No matter how Björck looked at his situation, Blomkvist was his only possible way out. And that was the one thing that mattered to him. He felt a growing desperation. Blomkvist had to be persuaded to treat him as a confidential source and to keep quiet about his… foolish escapades with those fucking whores. Damn, if only Salander would blow Blomkvist’s head off too.
He looked at Zalachenko’s phone number and weighed the pros and cons of contacting him. He was incapable of making up his mind.
Blomkvist had made a point, at every stage, of summing up his thinking on the investigation. When Paolo Roberto left, he spent an hour on the task. It had turned into a journal in which he let his thoughts run free while at the same time he meticulously wrote up every conversation and every meeting, as well as all the research he was doing. He encrypted the document using PGP and emailed copies to Berger and Eriksson, so that his colleagues were kept up to date.
Svensson had concentrated on Zala in the last weeks of his life. The name had cropped up in his final telephone conversation with Blomkvist three hours before he was killed. Björck claimed to know something about Zala.
Blomkvist ran through everything he had unearthed about Björck, which was not very much.
Gunnar Björck was sixty-two years old, unmarried, born in Falun. Had been in the police force since he was twenty-one. Began as a patrol officer, but studied law and ended up in Säpo, the Security Police, when he was twenty-six or twenty-seven. That was in 1969 or 1970, just at the end of Per Gunnar Vinge’s time as chief there.
Vinge was dismissed after making the claim in a conversation with Ragnar Lassinanti, the governor of Norrbotten County, that Olof Palme was spying for the Russians.

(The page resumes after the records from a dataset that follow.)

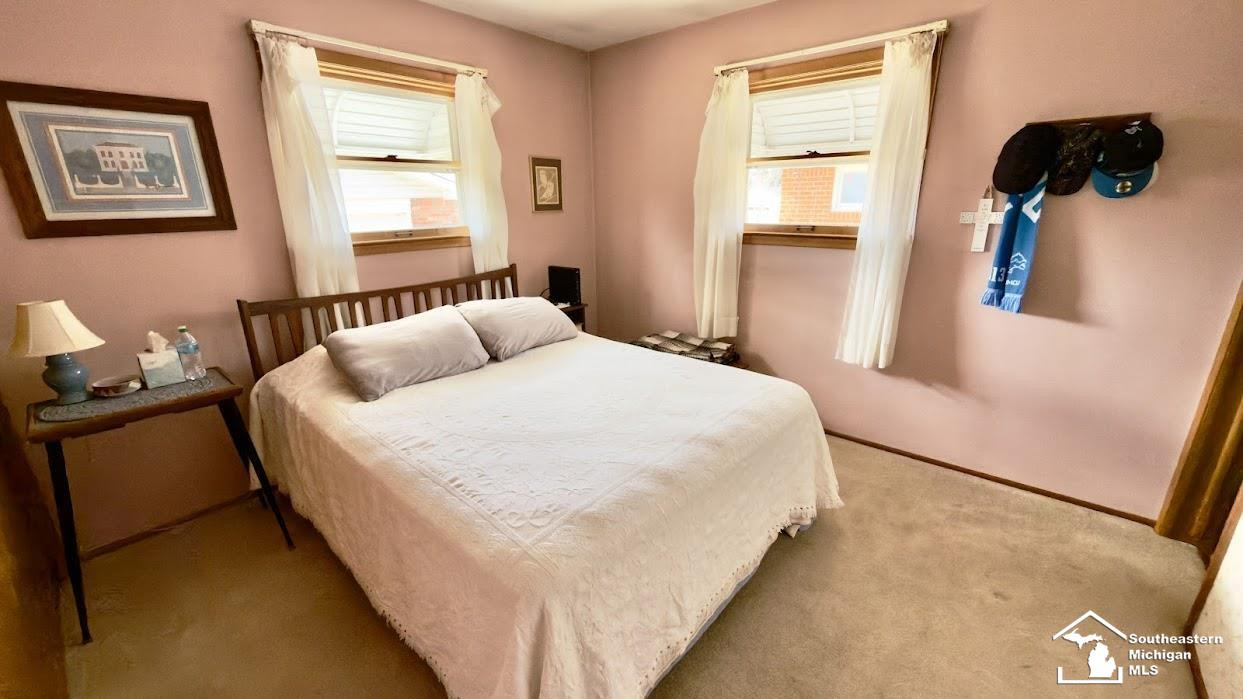 504 Rosewood Avenue, Monroe, MI 48162 — Photo 14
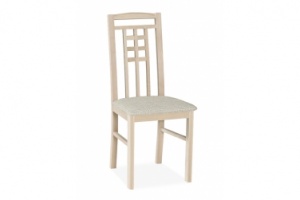 Jídelní židle 31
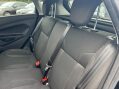 Ford Fiesta 1.0T EcoBoost Titanium Euro 6 (s/s) 5dr 29
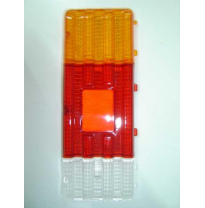 Mazda T3500 84-*Cristal Piloto Tras Izq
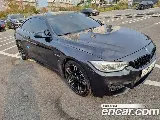 продажа BMW M4 (F82)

Then came the Internal Bureau affair, and Holmér, and the Letter Carrier, and the Palme assassination, and one scandal after another.
Björck’s career between 1970 and 1985 was largely undocumented, which was not so odd, since anything that had to do with Säpo activities was confidential. He could have been sharpening pencils in the stationery department or he could have been a secret agent in China.

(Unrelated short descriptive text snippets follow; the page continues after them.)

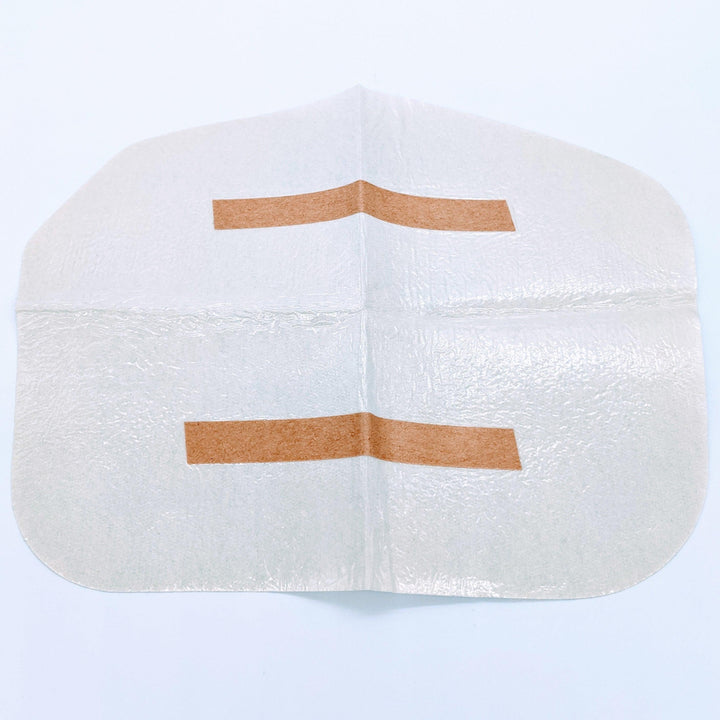 Breg® Kodiak Intelli-Flo Sterile Dressing Pads by Supply Cold Therapy at Breg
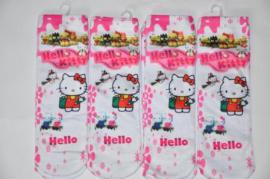 Ponožky hello kitty (1/1)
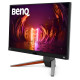 BenQ EX270M Dark Grey (9H.LLALJ.LBE)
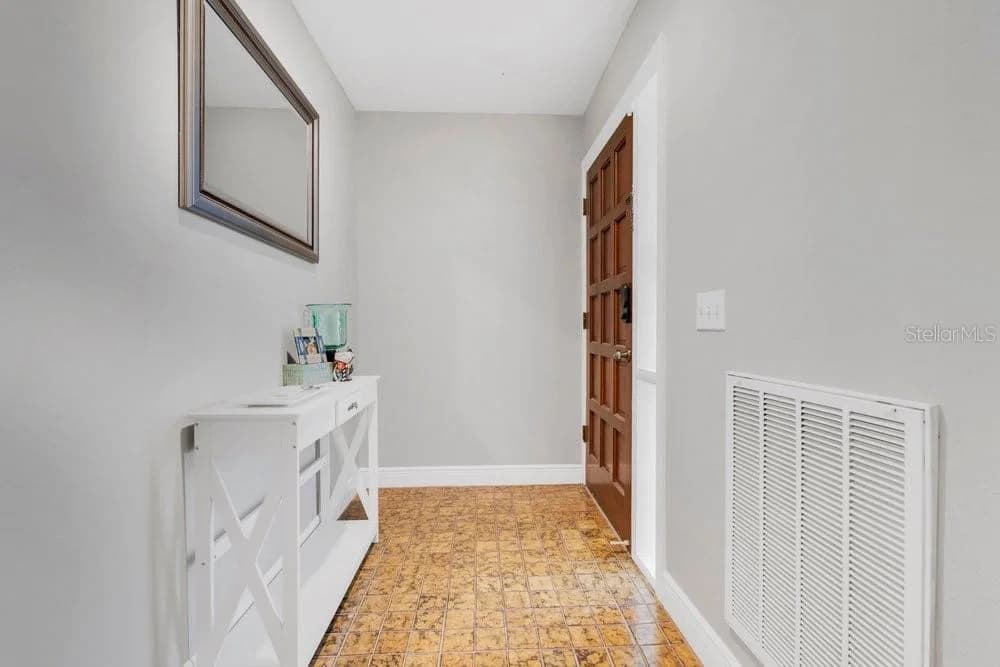 5395 EMERALD ISLE 4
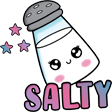 7545uwusalt Emote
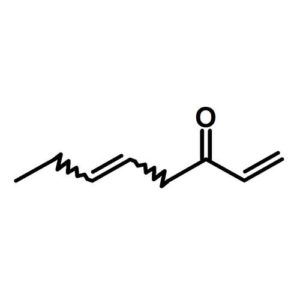 1,5-Octadien-3-one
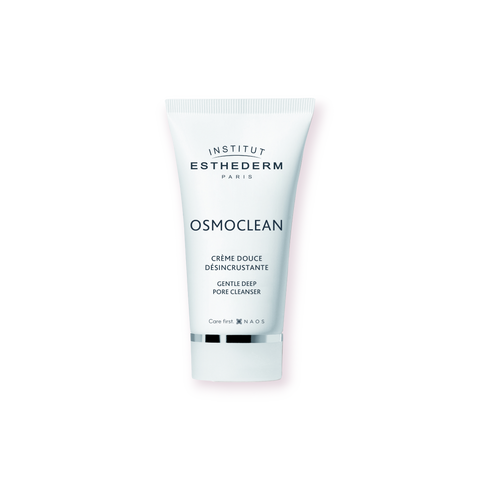 Esthederm Gentle Deep Pore Cleanser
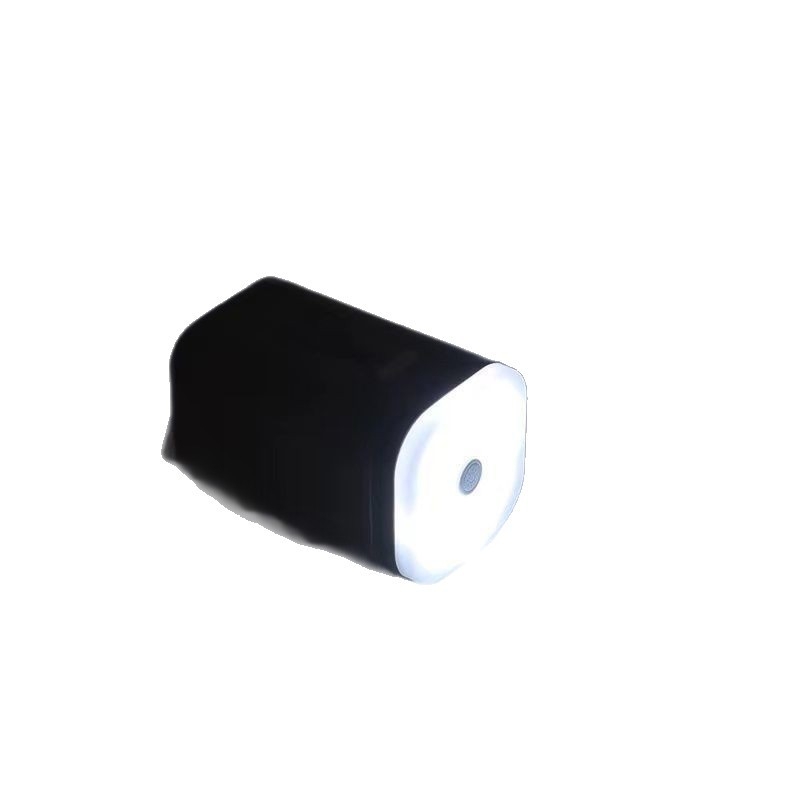 Многофункционално захранване за съхранение на енергия на открито къмпинг въздушно легло плувен басейн плувен пръстен преносима електрическа въздушна помпа може да изпомпва въздух електрическа помпа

In October 1985 Björck moved to the Swedish Embassy in Washington for two years. In 1988, back with Säpo in Stockholm. In 1996 he became a public figure: appointed deputy bureau chief of the immigration division (whatever that entailed). After 1996 he made various statements to the media, in connection with the deportation of suspect Arabs, and drew particular attention in 1998 when several Iraqi diplomats were expelled.

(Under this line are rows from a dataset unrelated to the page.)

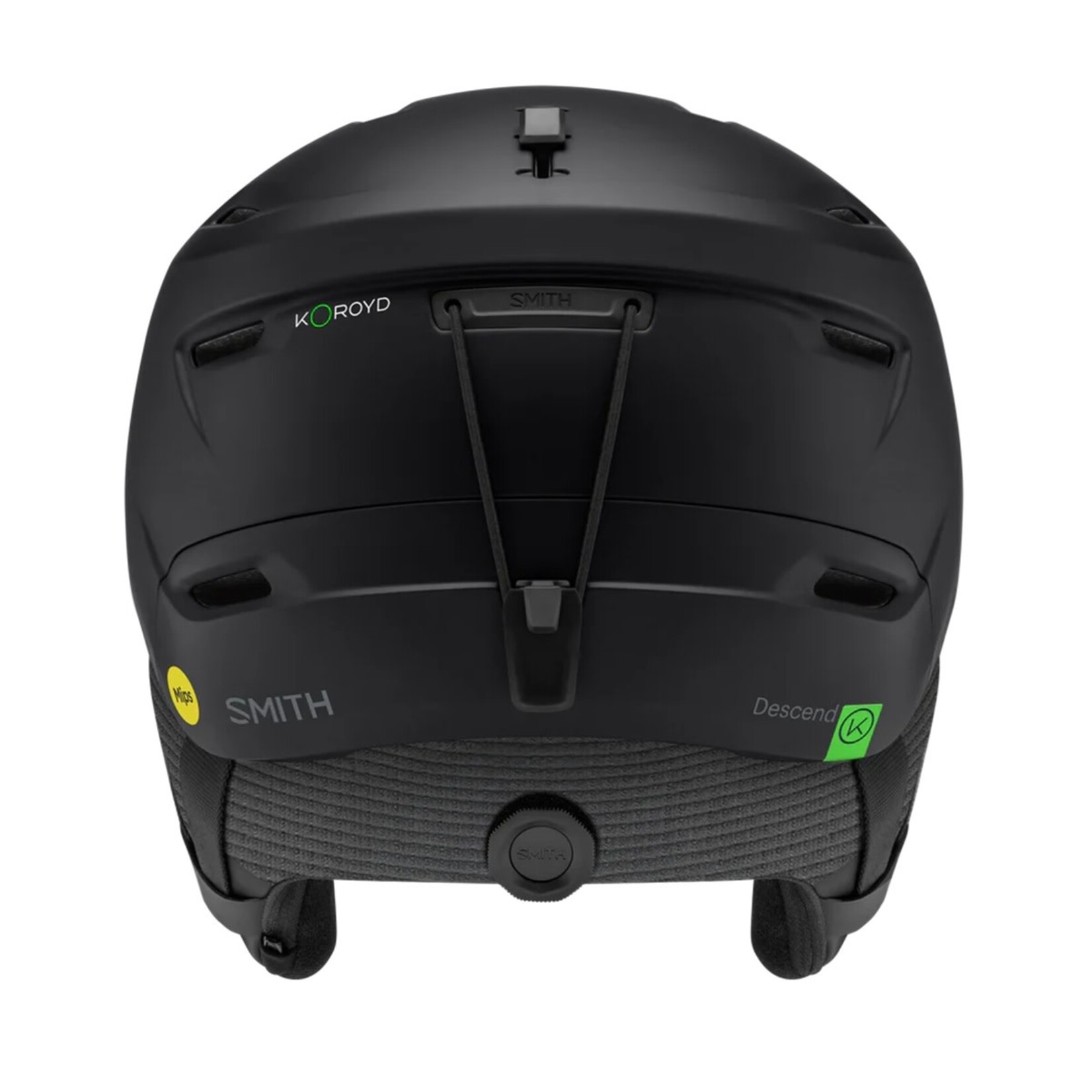 Smith Smith Descend Mips Helmet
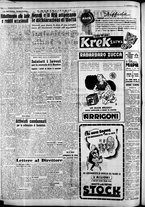 giornale/CFI0446562/1950/Dicembre/14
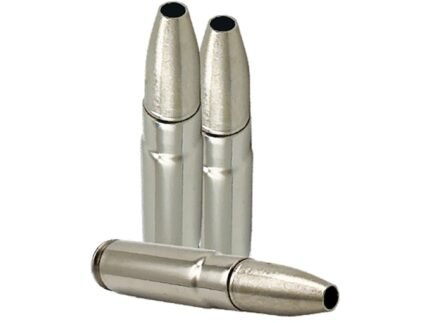 Liberty Overwatch Ammunition 300 Blackout 96 Grain Fragmenting Hollow Point Lead Free Box of 20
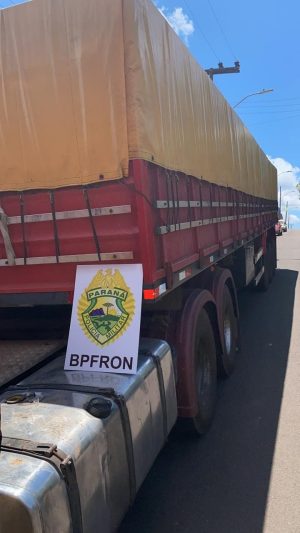 Imagem do WhatsApp de 2023-02-12 à(s) 20.29.19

What does any of this have to do with Salander and the murders of Svensson and Johansson? Maybe nothing.
But Björck knows about Zala.
There has to be a connection.
Berger told no-one, not even her husband, from whom she rarely kept secrets, that she was going to Svenska Morgon-Posten. She had about a month left at Millennium. The anxiety was getting to her. The days would rush by and suddenly she would be facing her last day there.